Publié le 2017-11-10 | Le Nouvelliste

Culture -

« La plaie, monologue d’interdits » est une pièce écrite et mise en scène par James Saint- Félix et interprétée par Kétia Vaïnadine Alphonse, le mercredi 25 octobre 2017, à la Fondation connaissance et liberté (FOKAL). Sur la scène, la comédienne a délivré une parole portant sur la condition des femmes dans la société, objets de tous les piétinements des hommes : viol, maltraitance, abus de confiance, etc.

Dans la salle polyvalente de la Fondation connaissance et liberté (FOKAL), la comédienne Kétia Vaïnadine Alphonse a donné la parole à quatre personnes : une mère, une enfant, une jeune fille et une femme miraculeuse. Ces femmes, dans la mise en scène, représentent presque la totalité des femmes victimes de la méchanceté des hommes. C’est leur voix coupée en divers morceaux et leur corps en lambeaux que la comédienne interprète dans une douleur indéchiffrable. Munie de vêtements, accrochés ça et là au mur, d’une cabine, d’une chaise, la scène était tantôt sombre, tantôt éclairée.

Dans la pièce, il ne s’agit pas d’une véritable narration. La comédienne a lancé comme ça des bribes d’histoire liées aux femmes, avec leur vérité cruelle et leur appréhension dans la société. Ça parle de la petite fille violée par des adultes avides de sexe et insouciants de leurs actes sur sa vie à la fois biologique et psychique. Cette petite fille qu'on force à explorer la sexualité avec un corps innocent. Réduite au silence, elle ne saura dire aux hommes leurs quatre vérités. Ça parle de cette mère qui voit ses enfants devenir, sous ses yeux, de véritables objets nauséabonds. C’est aussi l’histoire de cette femme miraculeuse qui, après toutes les cruautés des hommes, décide de combattre et de ne plus se laisser entraîner dans les bas-fonds immondes.

L’abus de confiance, le viol, la maltraitance, le silence, sont parmi les thèmes exploités dans la pièce. Les violeurs de petites filles, raconte la narratrice, sont souvent des proches des familles de leurs victimes. Et ces petites filles, voyant la confiance que leurs parents mettent en ces gens-là, sont obligées de ne rien dire du tout. Elles supportent tout, avec une rage de dire et de vengeance dans chacun de leurs regards et leurs gestes.

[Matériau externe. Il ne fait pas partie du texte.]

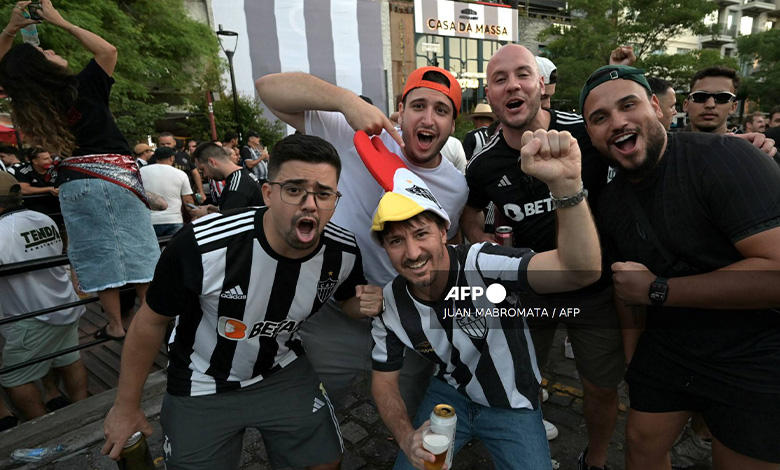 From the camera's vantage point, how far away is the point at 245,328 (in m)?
2.40

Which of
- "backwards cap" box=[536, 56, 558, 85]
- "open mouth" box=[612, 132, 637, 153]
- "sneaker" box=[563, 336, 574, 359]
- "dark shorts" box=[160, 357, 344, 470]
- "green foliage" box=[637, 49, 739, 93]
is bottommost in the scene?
"sneaker" box=[563, 336, 574, 359]

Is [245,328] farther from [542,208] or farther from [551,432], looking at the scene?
[551,432]

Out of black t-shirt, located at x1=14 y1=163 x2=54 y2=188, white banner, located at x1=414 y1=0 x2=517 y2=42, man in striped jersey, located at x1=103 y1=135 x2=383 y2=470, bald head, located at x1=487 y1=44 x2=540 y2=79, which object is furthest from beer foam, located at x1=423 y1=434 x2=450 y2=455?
white banner, located at x1=414 y1=0 x2=517 y2=42

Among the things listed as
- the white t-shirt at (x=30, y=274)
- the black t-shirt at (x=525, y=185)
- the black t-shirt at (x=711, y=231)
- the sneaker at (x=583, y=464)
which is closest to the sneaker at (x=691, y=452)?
the sneaker at (x=583, y=464)

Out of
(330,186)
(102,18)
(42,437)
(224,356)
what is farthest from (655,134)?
(102,18)

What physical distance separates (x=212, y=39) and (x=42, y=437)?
1872 centimetres

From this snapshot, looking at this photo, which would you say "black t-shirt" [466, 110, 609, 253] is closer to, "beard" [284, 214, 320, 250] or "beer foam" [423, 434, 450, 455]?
"beard" [284, 214, 320, 250]

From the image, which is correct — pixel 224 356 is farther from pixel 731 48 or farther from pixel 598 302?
pixel 731 48

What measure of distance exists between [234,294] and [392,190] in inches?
43.1

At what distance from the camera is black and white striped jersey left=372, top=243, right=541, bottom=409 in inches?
88.9

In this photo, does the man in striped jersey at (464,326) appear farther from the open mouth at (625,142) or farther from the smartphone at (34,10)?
the smartphone at (34,10)

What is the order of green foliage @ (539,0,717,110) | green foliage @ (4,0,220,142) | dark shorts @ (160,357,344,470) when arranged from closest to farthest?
dark shorts @ (160,357,344,470), green foliage @ (4,0,220,142), green foliage @ (539,0,717,110)

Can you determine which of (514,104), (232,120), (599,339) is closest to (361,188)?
(514,104)

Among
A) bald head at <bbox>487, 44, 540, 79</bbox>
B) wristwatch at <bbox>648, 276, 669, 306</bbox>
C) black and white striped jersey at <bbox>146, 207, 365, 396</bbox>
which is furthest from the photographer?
bald head at <bbox>487, 44, 540, 79</bbox> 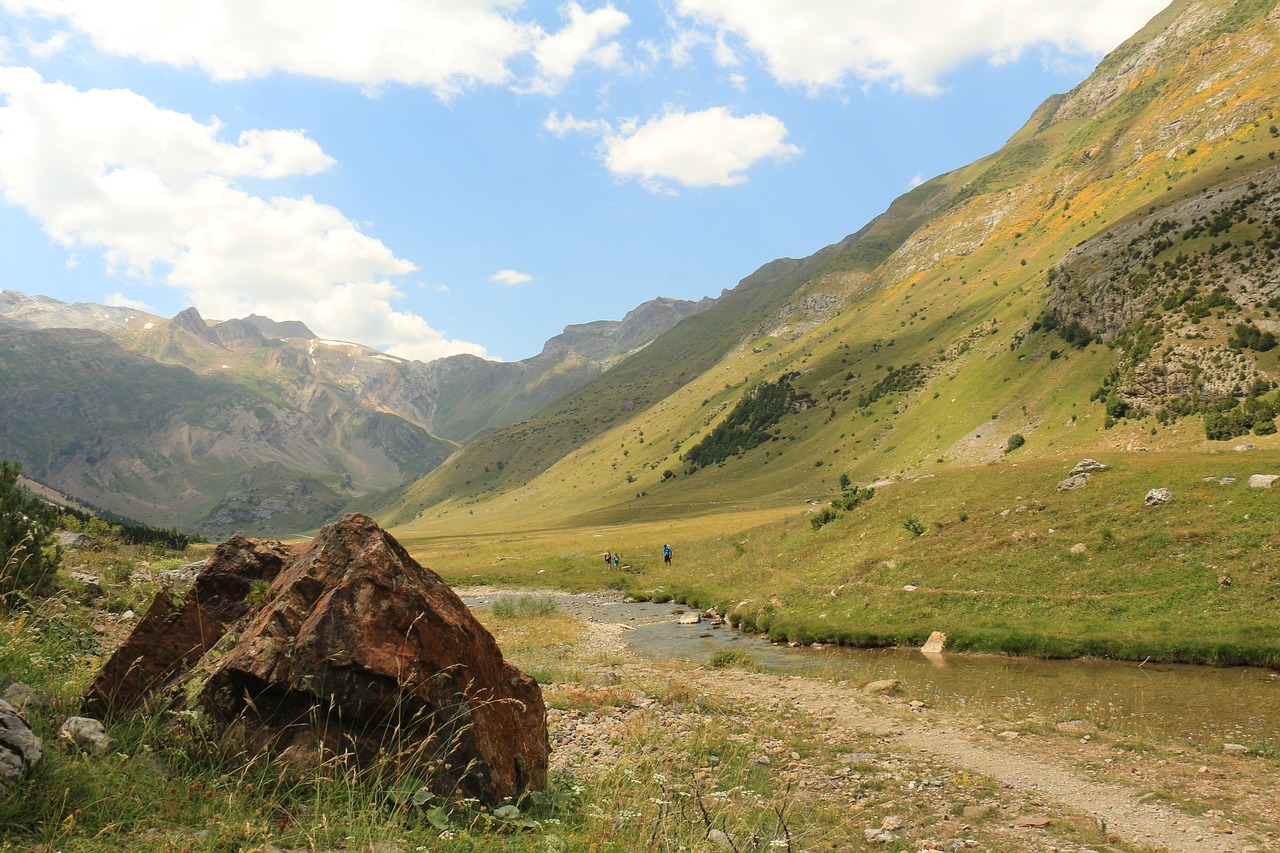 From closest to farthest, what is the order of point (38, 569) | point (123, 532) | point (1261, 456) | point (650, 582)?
point (38, 569) → point (1261, 456) → point (123, 532) → point (650, 582)

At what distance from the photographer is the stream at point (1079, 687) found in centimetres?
1764

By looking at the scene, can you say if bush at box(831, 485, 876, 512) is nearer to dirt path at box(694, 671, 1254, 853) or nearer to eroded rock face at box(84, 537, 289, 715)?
dirt path at box(694, 671, 1254, 853)

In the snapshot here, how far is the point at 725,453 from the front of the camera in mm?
170625

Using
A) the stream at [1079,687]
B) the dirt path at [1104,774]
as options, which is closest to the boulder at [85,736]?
the dirt path at [1104,774]

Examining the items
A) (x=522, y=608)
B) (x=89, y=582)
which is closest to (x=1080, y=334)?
(x=522, y=608)

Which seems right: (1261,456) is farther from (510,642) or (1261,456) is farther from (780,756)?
(510,642)

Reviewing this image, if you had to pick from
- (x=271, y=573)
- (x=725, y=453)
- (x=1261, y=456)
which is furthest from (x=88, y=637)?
(x=725, y=453)

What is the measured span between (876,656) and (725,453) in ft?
467

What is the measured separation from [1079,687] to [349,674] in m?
23.6

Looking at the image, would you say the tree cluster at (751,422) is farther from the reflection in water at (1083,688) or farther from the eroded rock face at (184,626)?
the eroded rock face at (184,626)

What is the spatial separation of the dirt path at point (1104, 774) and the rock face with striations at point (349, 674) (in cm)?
1091

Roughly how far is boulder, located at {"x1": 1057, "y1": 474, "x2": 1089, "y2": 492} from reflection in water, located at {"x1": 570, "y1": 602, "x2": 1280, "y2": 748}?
13666mm

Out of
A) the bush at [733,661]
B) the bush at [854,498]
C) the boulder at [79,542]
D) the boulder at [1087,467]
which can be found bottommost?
the bush at [733,661]

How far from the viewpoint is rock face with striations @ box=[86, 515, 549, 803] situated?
7.83 meters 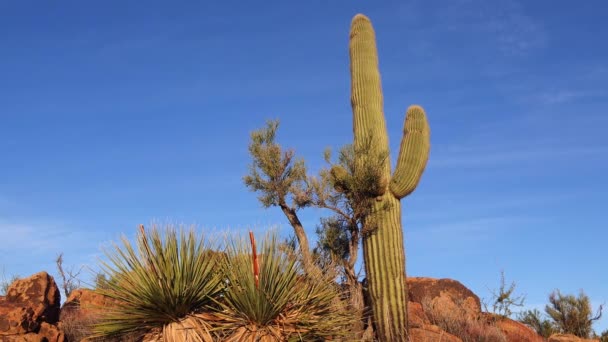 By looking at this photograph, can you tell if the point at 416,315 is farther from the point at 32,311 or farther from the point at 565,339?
the point at 32,311

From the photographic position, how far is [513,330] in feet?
55.1

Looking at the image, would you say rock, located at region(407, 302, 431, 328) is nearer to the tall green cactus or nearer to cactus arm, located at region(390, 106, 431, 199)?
the tall green cactus

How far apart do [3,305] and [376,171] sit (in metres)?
7.95

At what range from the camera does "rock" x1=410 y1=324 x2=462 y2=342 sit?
13.6m

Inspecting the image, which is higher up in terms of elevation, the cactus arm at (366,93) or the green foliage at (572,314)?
the cactus arm at (366,93)

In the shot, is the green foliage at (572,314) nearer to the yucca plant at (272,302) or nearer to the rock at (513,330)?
the rock at (513,330)

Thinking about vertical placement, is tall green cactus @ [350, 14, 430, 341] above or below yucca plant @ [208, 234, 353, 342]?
above

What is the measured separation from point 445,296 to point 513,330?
192 centimetres

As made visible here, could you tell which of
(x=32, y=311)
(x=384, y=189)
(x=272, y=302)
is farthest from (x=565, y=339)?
(x=32, y=311)

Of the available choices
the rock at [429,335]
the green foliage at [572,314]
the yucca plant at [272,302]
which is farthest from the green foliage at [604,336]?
the yucca plant at [272,302]

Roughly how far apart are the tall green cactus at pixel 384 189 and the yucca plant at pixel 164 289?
4.84 metres

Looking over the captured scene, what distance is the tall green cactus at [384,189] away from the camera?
1298cm

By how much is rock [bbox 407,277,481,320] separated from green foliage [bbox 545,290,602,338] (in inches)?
177

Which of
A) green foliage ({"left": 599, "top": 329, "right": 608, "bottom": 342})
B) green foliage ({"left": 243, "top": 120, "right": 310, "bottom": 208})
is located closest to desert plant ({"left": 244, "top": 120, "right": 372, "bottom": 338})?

« Ne me demandez pas de vous raconter mon histoire, je n’en ai pas », a lancé maintes fois l’une des femmes représentées par la comédienne. Les bribes de textes parviennent aux spectateurs par bourrasques: « J’ai voulu briser le silence. J’ai du mal à savourer les caprices du temps. Je voulais éviter les regards, les paroles apaisantes des autres. J’ai ressenti les blessures que l’autre a percées pendant quatre ans. » Sur la scène, on pouvait ressentir la crédibilité de la comédienne à faire surgir la douleur et à créer l’empathie du public.

« La plaie, monologue d’interdits » de James Saint- Félix est une pièce qui met à nu certaines situations désastreuses dans lesquelles les femmes sont enlisées et, devant elles, la société érige un mur pour ne pas entendre leurs cris, mais aussi pour les réduire au silence le plus complet.